TASK OBJECTIVE:
Once the line containing "USB 2.0 4 Port" is found in the entries below, reproduce it and every line after it, stopping at and including the line containing "Brick walk path in public park stock photo"; reproduce nothing else, and keep each line exact.

═════ DATA SHOWN

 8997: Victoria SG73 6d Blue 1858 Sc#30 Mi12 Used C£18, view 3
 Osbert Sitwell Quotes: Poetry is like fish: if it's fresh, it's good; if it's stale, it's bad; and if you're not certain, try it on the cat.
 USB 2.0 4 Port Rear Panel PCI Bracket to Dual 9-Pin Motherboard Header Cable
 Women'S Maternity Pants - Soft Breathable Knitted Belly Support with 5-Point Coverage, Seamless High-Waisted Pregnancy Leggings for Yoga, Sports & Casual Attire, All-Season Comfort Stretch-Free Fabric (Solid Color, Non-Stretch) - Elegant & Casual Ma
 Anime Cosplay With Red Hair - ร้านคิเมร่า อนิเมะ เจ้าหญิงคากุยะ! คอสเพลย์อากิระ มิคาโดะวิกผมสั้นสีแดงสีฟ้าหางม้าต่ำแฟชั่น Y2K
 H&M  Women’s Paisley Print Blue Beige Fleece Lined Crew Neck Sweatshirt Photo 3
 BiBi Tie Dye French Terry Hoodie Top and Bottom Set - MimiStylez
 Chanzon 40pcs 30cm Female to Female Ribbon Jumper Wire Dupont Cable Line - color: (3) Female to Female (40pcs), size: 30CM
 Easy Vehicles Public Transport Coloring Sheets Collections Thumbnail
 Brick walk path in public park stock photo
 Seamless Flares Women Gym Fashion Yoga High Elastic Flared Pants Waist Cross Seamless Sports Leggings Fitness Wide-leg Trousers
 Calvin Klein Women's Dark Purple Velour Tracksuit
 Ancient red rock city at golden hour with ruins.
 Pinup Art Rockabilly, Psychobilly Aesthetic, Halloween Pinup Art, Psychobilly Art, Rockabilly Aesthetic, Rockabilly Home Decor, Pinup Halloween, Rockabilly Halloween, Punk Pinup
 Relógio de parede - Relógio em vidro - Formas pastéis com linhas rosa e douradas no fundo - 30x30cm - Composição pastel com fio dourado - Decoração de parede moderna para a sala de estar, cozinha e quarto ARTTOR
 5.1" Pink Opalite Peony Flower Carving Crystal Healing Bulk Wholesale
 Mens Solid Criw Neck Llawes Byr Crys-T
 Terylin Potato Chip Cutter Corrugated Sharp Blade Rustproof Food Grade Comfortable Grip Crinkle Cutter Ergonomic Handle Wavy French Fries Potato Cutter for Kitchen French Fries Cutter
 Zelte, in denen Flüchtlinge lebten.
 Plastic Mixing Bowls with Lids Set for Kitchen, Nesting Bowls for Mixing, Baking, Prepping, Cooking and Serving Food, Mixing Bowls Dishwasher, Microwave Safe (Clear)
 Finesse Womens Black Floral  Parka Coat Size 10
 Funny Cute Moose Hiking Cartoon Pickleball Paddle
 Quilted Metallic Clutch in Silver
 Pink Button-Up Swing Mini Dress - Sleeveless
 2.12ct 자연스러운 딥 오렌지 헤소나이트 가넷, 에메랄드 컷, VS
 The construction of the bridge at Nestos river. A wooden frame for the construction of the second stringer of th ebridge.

══════════

RESPONSE FOR THIS EXERCISE:
 USB 2.0 4 Port Rear Panel PCI Bracket to Dual 9-Pin Motherboard Header Cable
 Women'S Maternity Pants - Soft Breathable Knitted Belly Support with 5-Point Coverage, Seamless High-Waisted Pregnancy Leggings for Yoga, Sports & Casual Attire, All-Season Comfort Stretch-Free Fabric (Solid Color, Non-Stretch) - Elegant & Casual Ma
 Anime Cosplay With Red Hair - ร้านคิเมร่า อนิเมะ เจ้าหญิงคากุยะ! คอสเพลย์อากิระ มิคาโดะวิกผมสั้นสีแดงสีฟ้าหางม้าต่ำแฟชั่น Y2K
 H&M  Women’s Paisley Print Blue Beige Fleece Lined Crew Neck Sweatshirt Photo 3
 BiBi Tie Dye French Terry Hoodie Top and Bottom Set - MimiStylez
 Chanzon 40pcs 30cm Female to Female Ribbon Jumper Wire Dupont Cable Line - color: (3) Female to Female (40pcs), size: 30CM
 Easy Vehicles Public Transport Coloring Sheets Collections Thumbnail
 Brick walk path in public park stock photo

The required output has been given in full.